Sidney Hook (1902-1989), American philosopher, did his undergraduate studies at City College in New York City, studying under Morris Raphael Cohen, and his graduate work at Columbia University, where he studied under John Dewey and Frederick Woodbrige. He wrote his thesis The Metaphysics of Pragmatism under Dewey's direction. After receiving his doctorate, he pursued further studies in Berlin and Munich and at the Marx-Engels Institute in Moscow. In 1933 he returned to the U. S. to teach philosophy at New York University as one of the first Marxist professors in the U. S. During the 1930's he attempted to synthesize Marxism with Dewey's pragmatism. He treated philosophy as the development of a critical and scientific intelligence to the clarification of human values and concrete social problems - a view he retained all his life.
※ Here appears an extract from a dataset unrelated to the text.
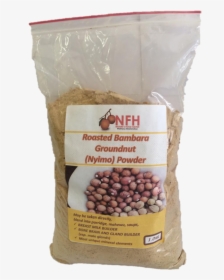 Roasted Groundnut Powder - Cranberry Bean, HD Png Download, Transparent PNG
In the late 1920's, he prepared an English translation of Lenin's Materialism and Empiro-criticism, Vladimir Lenin's polemic agaist Ernst Mach. In the 1930's he wrote Towards the Understanding of Karl Marx and he wrote From Hegel to Marx, which even today still stand as the most significant pieces of Marxist scholarship produced in America. In the early 1930's he was very close to the Communist Party but later in the decade he took a strong anti-Stalinist position. He was a founder of the American Worker's Party and later of the Socialist Worker's Party. By the 1940's his political views began moving somewhat to the right. He supported Norman Thomas' Socialist Party. By the 1950's, he had become a staunch anticommunist and argued for the expulsion of Communist professors and students from the universities. As a member of the "New York Intellectuals" his political and philosophical views carried considerable weight among academics.

Regardless of what one might think of Hook's political views it seems he was regarded as a great teacher and many of his students rose to prominence in philosophy and other fields. Among his most well known students rank Delmore Schwartz, who was a poet and critic, union leader Albert Shanker, who was president of the American Federation of Teachers, and philosopher Paul Kurtz.

Sidney Hook was an outspoken humanist and atheist. He was active in such humanist organizations as the AHA and CODESH (now the Council for Secular Humanism), which his former student Paul Kurtz founded. Hook also wrote for the magazines, The Humanist and Free Inquiry.